Saturday, August 30, 2008

Healing (and Working) As family

8/29/08
Cynthia Orange

(from the Vets for Peace National Conference)

"How do Americans impacted by the war heal while most of America is in a state of denial?" asked Joan Najbar, a psychologist and mother of an Iraq vet in the workshop she led called "Grieving and Healing from the Wounds of War." One way, she said, is to honor ourselves, our losses, and our struggles by:
  • Talking about the impact this war has had on us and our families.
    (This doesn't only mean Iraq and Afghanistan vets. Michael and I know of so many Vietnam vets, peace activists, etc. who were re-traumatized when the U.S. invaded Iraq. We need to acknowledge and honor those old wounds, old scars too that surfaced again as we continue [with no awe but with plenty of ongoing shock] to witness another debacle)
  • Taking care of ourselves, our loved ones, and our communities.
  • Doing what we need to do to heal from the wounds of war, one day at a time. Joan said this could be by being in nature, doing yoga, opening our eyes and hearts to the beauty around us, doing some art [writing, photography, drawing, poetry. . .) by loving. . .
  • Believing we don't have to suffer in silence.
  • Coming together to take care of our veterans and their families.
  • Finding strength when we come together in action, celebration, and self care.

She demonstrated these last points by having those in attendance stand inside a big circle of spandex material we held behind us (sort of like holding a big, contiguous beach towel around you that extends from shoulders to knees). What became immediately apparent was that each of us leaning against the stretchy fabric allowed the others to also lean against it. We provided strength and resilience to each other, but if our "support" was withdrawn suddenly, the entire group was affected.

This reminded me of a story my dear friend Christina Baldwin (author of "Story Catcher") told me about a village in Africa that endured tribal wars where the guerrilla armies of the hill people stole the young boy children of the valley people and forced them to fight against their own tribe. UNICEF heard of this atrocity and decided to buy back the children and reintroduce them to their villages.

The UNICEF workers would drive into these remote villages with several boys who had been gone for two, three, four years; boys whose childhoods had been stolen, whose souls were wracked with the guilt of what they had done. They went to the tribal elders and asked them ‘We have brought them home to you, but they are not the same. What will you do?’
‘We will light a fire in the center of the village every night for a year,’ the elders replied. ‘The boys will be required to come and tell their stories and listen to the reactions of the villagers. We will weep together for what this war has done. We will talk until the war is talked out of them, until the sorrow is healed, until the fire is burned up.’

Christina reminds people that the word "heart" has "ear" in the middle of it, and she urges us to listen with the "ears of our hearts."

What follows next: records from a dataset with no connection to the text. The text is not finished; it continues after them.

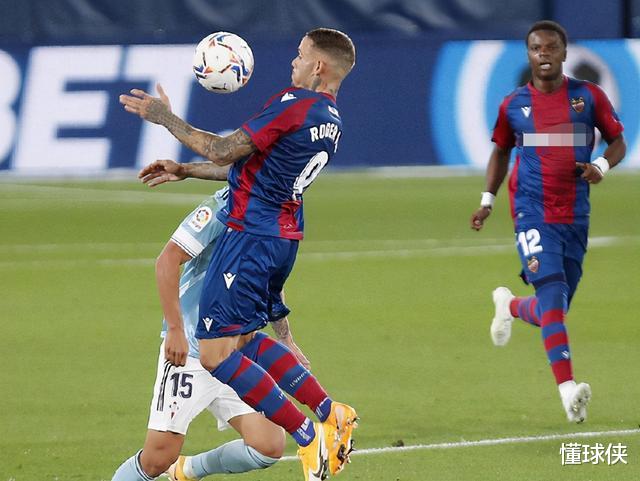 绝杀|1-1，92分钟绝杀无效，3分变1分，西甲劲旅空欢喜一场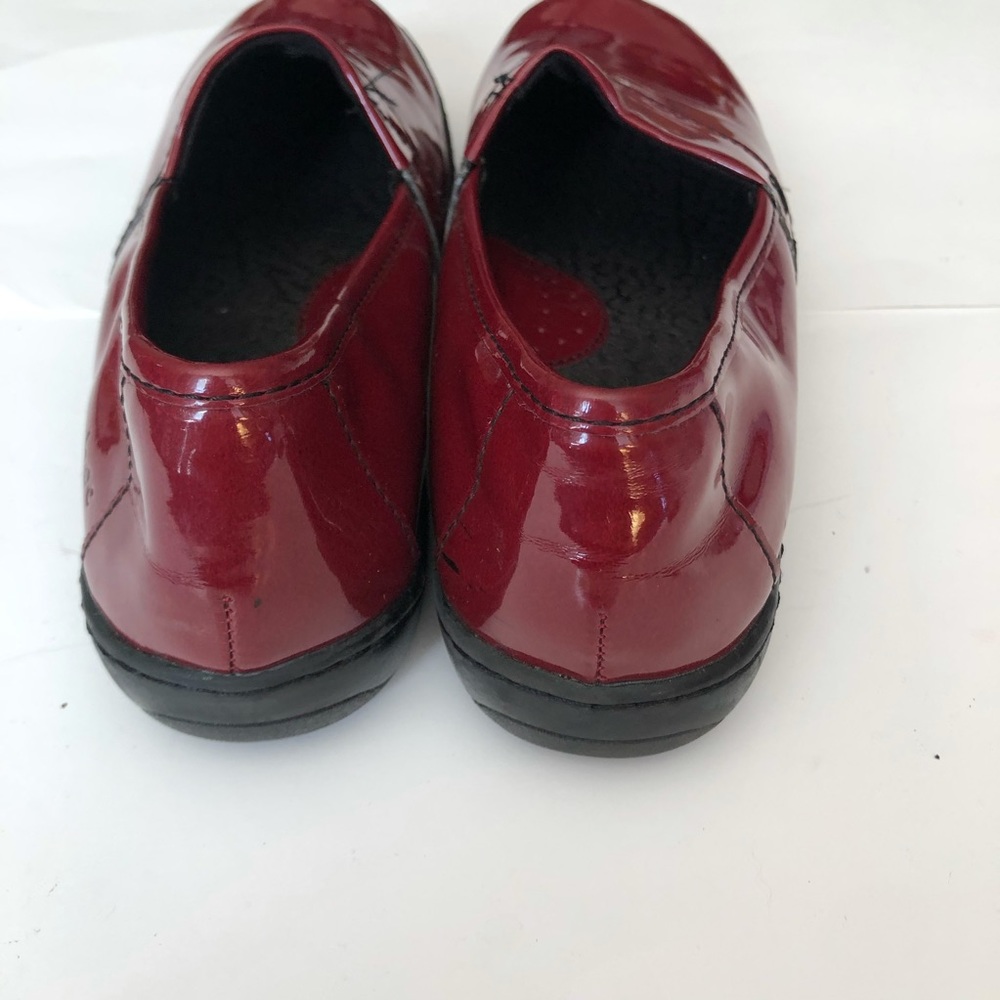 Boc Born Slip On Clog Style Size 8.5 - image 4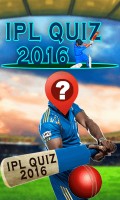 IPL QUIZ 2016 mobile app for free download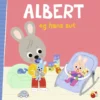 Albert og hans sut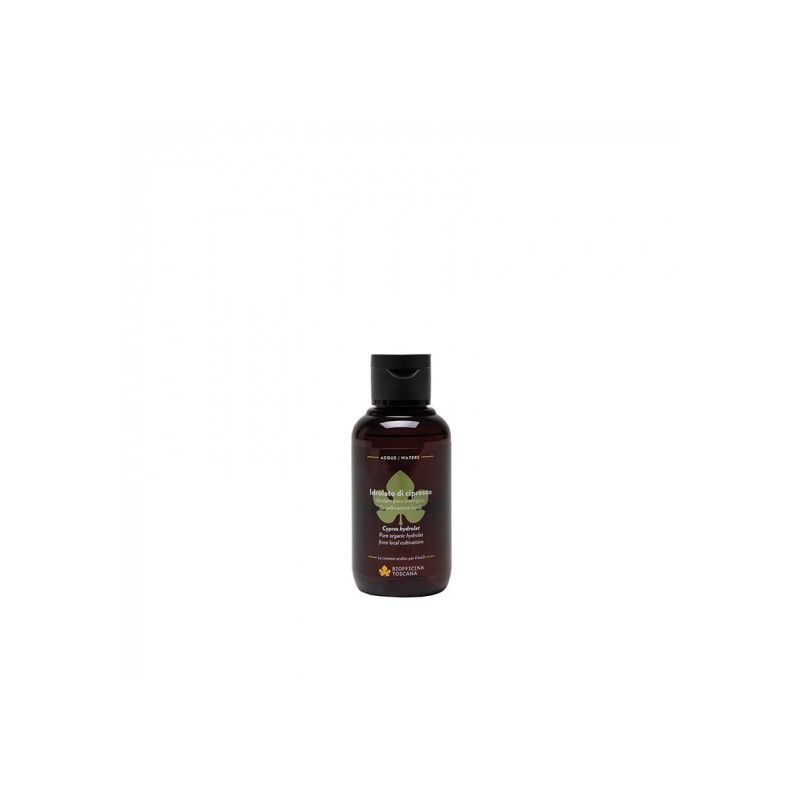 Zypressenhydrolat - biofficina toscana Zypressenhydrolat - biofficina toscana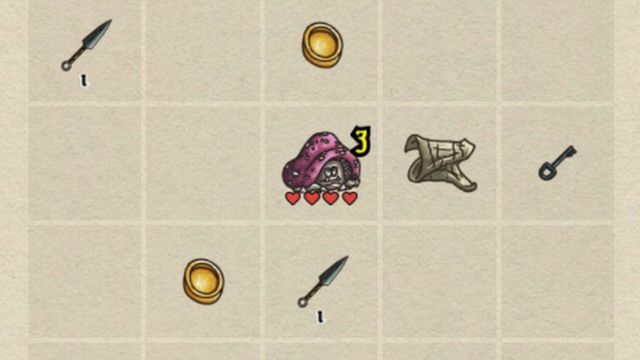 Amalgamate Screenshot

For me, this is a large part of what this conference is all about: gathering in tribe as people have done since ancient times; sitting around our metaphorical fire as one family--warriors from many wars, peacemakers from different eras, and fathers and mothers who worry and wait for their soldiers to come home and grieve those who won't return to them.

I walk down the halls of the Ramada and hear so much laughter, witness so many embraces, watch as new friendships are forged, new intense conversations unfold. Attendees go from workshop to workshop (and there are so many diverse workshops), from experience to experience, and emerge revitalized; clearer in their peacemaking tasks, buoyed by just being together in family, as tribe.

As anthropologist Margaret Mead once said, "Never doubt that a small group of thoughtful, committed citizens can change the world; indeed, it is the only thing that ever has."